Como ejemplos ilustrativos, basta con apuntar dos referencias. La primera se recoge en las páginas de Hiroshima (1946). Ahí, John Hersey relata con crudeza la historia de seis supervivientes, o hibakusha (en japonés “personas afectadas por una explosión”), que sufrieron secuelas duraderas derivadas de la radiación de las bombas nucleares estadounidenses, entre las que destacan debilidad crónica, mareos, problemas digestivos e incluso la discriminación por parte de la propia población japonesa.
La segunda, más reciente y menos conocida por el gran público, son los denominados downwinders, es decir, los habitantes de las poblaciones estadounidenses de Arizona, Nevada, Nuevo México y Utah. Allí, la contaminación radiactiva resultante de los ensayos nucleares ha expuesto a la población a enfermedades, especialmente cánceres de diverso tipo y consideración, así como malformaciones congénitas, transmitidas de generación en generación.
La respuesta de la comunidad internacional
Los esfuerzos de la comunidad internacional por prohibir los ensayos nucleares han sido parcialmente fructíferos y reflejan las luces y las sombras propias de las políticas nacionales en materia de seguridad y defensa.
En 1963 entró en vigor el Tratado de Prohibición Parcial de Ensayos Nucleares, que prohíbe los ensayos en la atmósfera, bajo el agua y en el espacio. Sin embargo, contó con dos importantes limitaciones: no prohibió las pruebas nucleares subterráneas; ni China ni Francia firmaron el Tratado y continuaron realizando pruebas nucleares atmosféricas hasta 1980 y 1974, respectivamente.
La aprobación del Tratado de 1963, no obstante, evidenció la necesidad de ralentizar la carrera armamentística, y contribuyó al posterior desarrollo del Tratado de Prohibición Completa de Ensayos Nucleares (CTBT, por sus siglas en inglés), creado en 1996 para prohibir la realización de cualquier ensayo nuclear en y por los países firmantes.
De nuevo, la repercusión de este acuerdo ha sido muy limitada. Dada la ausencia de algunos Estados nucleares de iure –Estados Unidos y China– y todos los Estados nucleares de facto, el Tratado de 1996 no ha llegado a entrar en vigor.

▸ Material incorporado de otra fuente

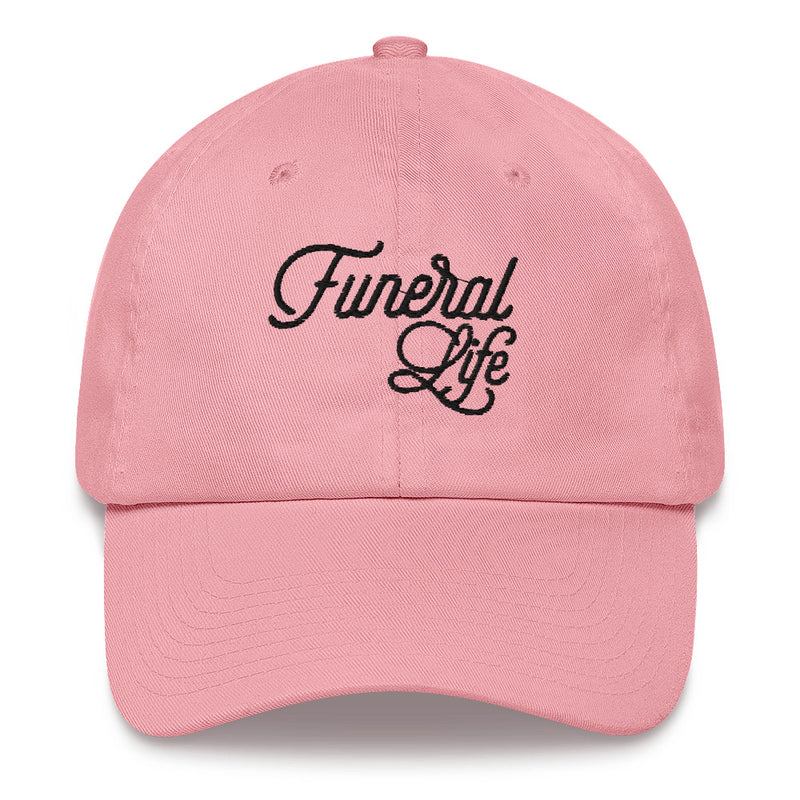 Funeral Life Dad hat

Ante este panorama poco halagüeño y con el objetivo de visibilizar la cruda realidad de los ensayos nucleares, el 2 de diciembre de 2009 la Asamblea General de las Naciones Unidas aprobó por unanimidad la resolución 64/35, en la que los Estados acordaron declarar el 29 de agosto como el Día Internacional contra los Ensayos Nucleares.
Las Islas Marshall: un ejemplo frente al mundo
A la espera de la entrada en vigor del CTBT, algunas de las poblaciones afectadas por los ensayos nucleares no han dudado en recurrir a la justicia para hacer valer sus derechos, como el diminuto archipiélago de las Islas Marshall, que se ha enfrentado a las grandes potencias nucleares.
Mientras que las demandas impuestas por las Islas Marshall contra la India, Pakistán y Reino Unido frente a la Corte Internacional de Justicia no han prosperado, las peticiones de los afectados frente a la justicia estadounidense sí han resultado en compensaciones económicas por los daños sufridos. Sin embargo, los daños humanos y medio ambientales son, en buena medida, irreversibles, e islas como el atolón de Bikini son todavía inhabitables debido a la contaminación nuclear.
Lejos de cesar, la carrera armamentística se ha visto avivada por el rápido desarrollo tecnológico y por un escenario geopolítico en tensión. A modo de ejemplo, desde 2006, Corea del Norte ha llevado a cabo sucesivas pruebas nucleares como muestra del desarrollo de su capacidad militar.
La gran victoria de las Islas Marshall es la visibilización de una realidad que todavía sufren miles de personas en el mundo como consecuencia de los ensayos nucleares. Por desgracia, la entrada en vigor del CTBT no parece una realidad cercana. En consecuencia, la sociedad civil tiene el compromiso primordial de alzar la voz cada 29 de agosto e impulsar una conciencia social –ya creciente– que apueste por acelerar, o más bien reiniciar, el desarme nuclear y fomentar el desarrollo científico con fines pacíficos.